___ Exercise data ___

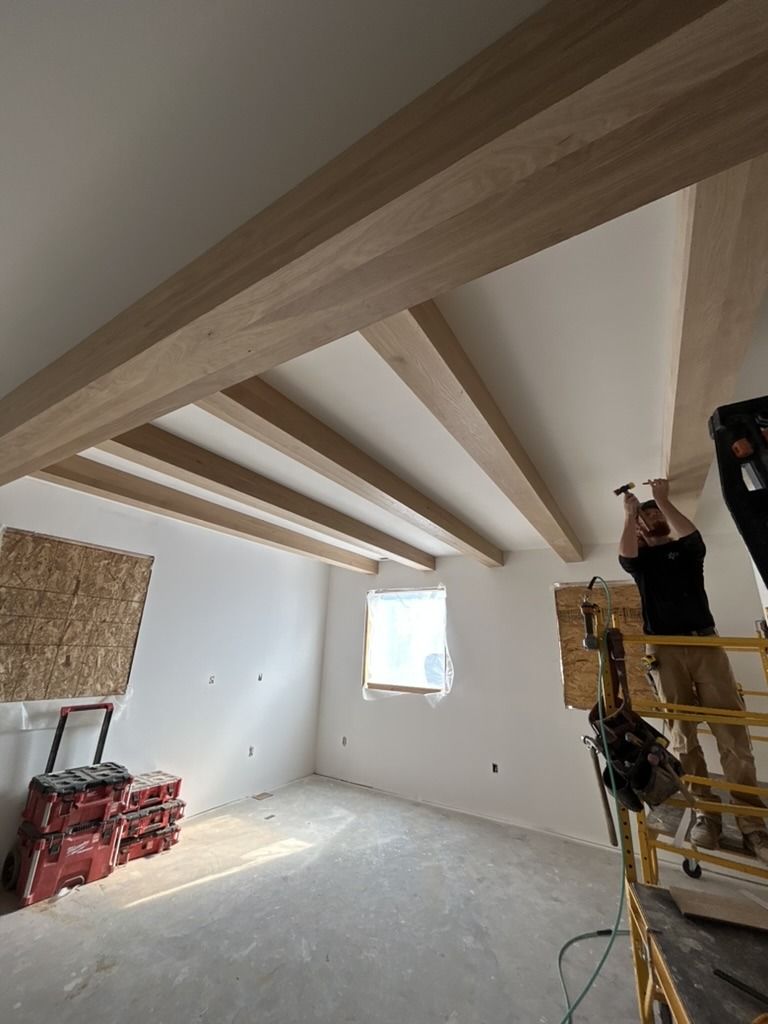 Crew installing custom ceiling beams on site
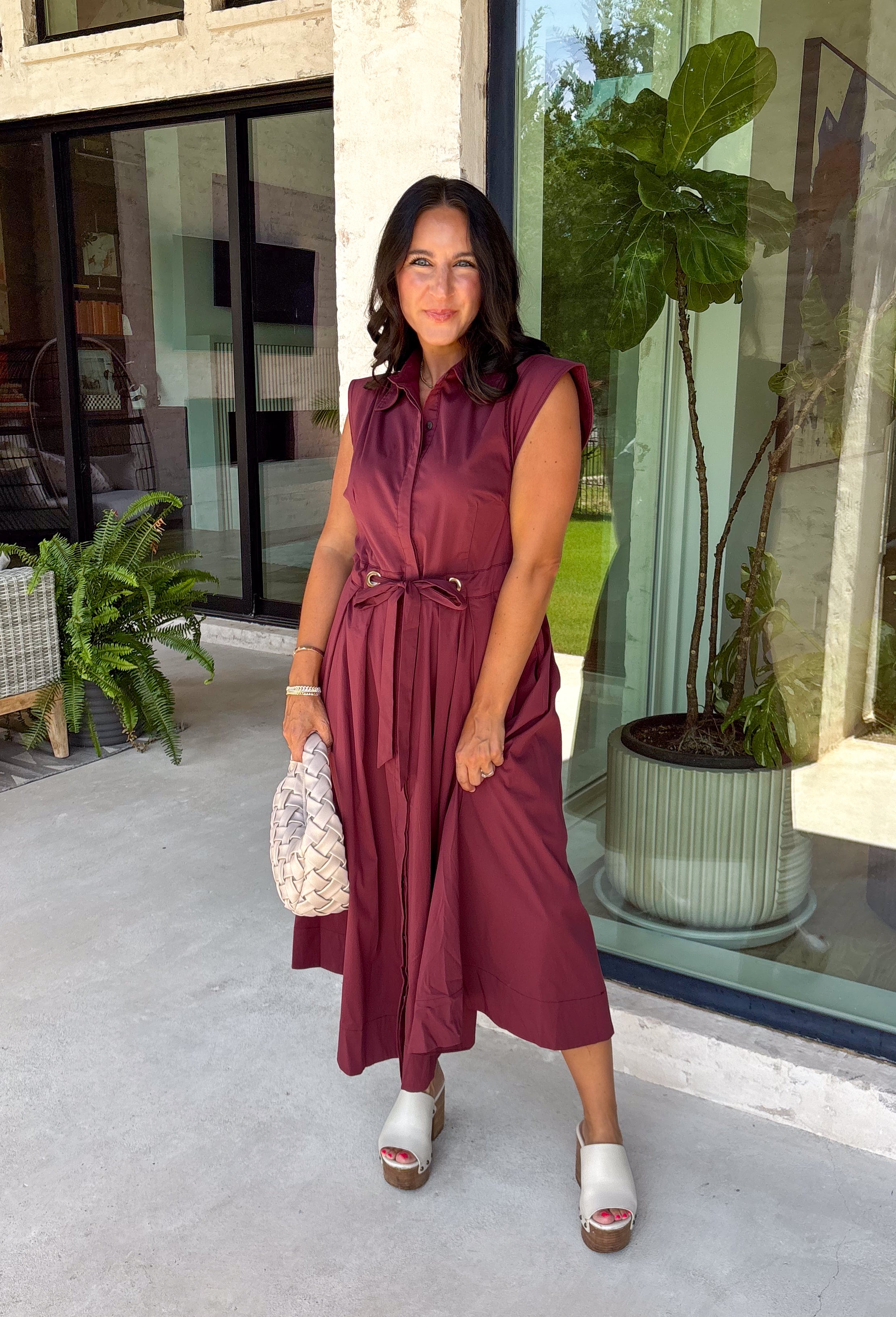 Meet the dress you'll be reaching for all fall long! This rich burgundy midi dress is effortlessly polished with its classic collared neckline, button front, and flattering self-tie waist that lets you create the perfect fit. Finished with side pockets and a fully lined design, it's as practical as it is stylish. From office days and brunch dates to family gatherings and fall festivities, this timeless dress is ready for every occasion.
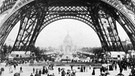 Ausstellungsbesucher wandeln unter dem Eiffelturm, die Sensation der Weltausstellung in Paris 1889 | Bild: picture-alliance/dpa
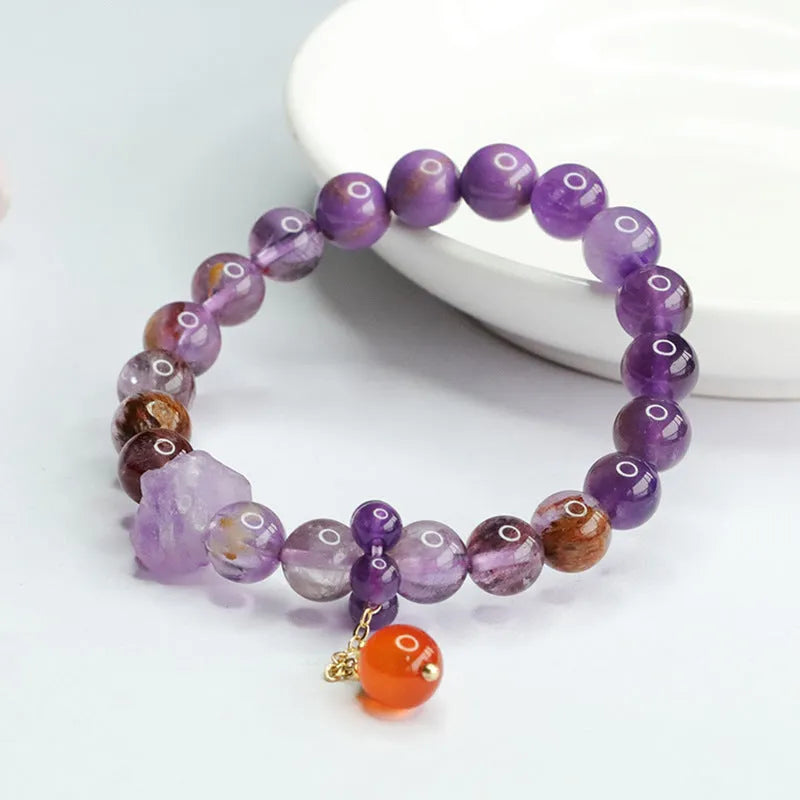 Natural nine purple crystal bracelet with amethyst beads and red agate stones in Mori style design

___

## What is expected
From the line that contains "Meet the dress" down to the last line of the material above, every line must be repeated exactly, with pictures removed and both end lines included.

## Problem solution
 Meet the dress you'll be reaching for all fall long! This rich burgundy midi dress is effortlessly polished with its classic collared neckline, button front, and flattering self-tie waist that lets you create the perfect fit. Finished with side pockets and a fully lined design, it's as practical as it is stylish. From office days and brunch dates to family gatherings and fall festivities, this timeless dress is ready for every occasion.
 Ausstellungsbesucher wandeln unter dem Eiffelturm, die Sensation der Weltausstellung in Paris 1889 | Bild: picture-alliance/dpa
 Natural nine purple crystal bracelet with amethyst beads and red agate stones in Mori style design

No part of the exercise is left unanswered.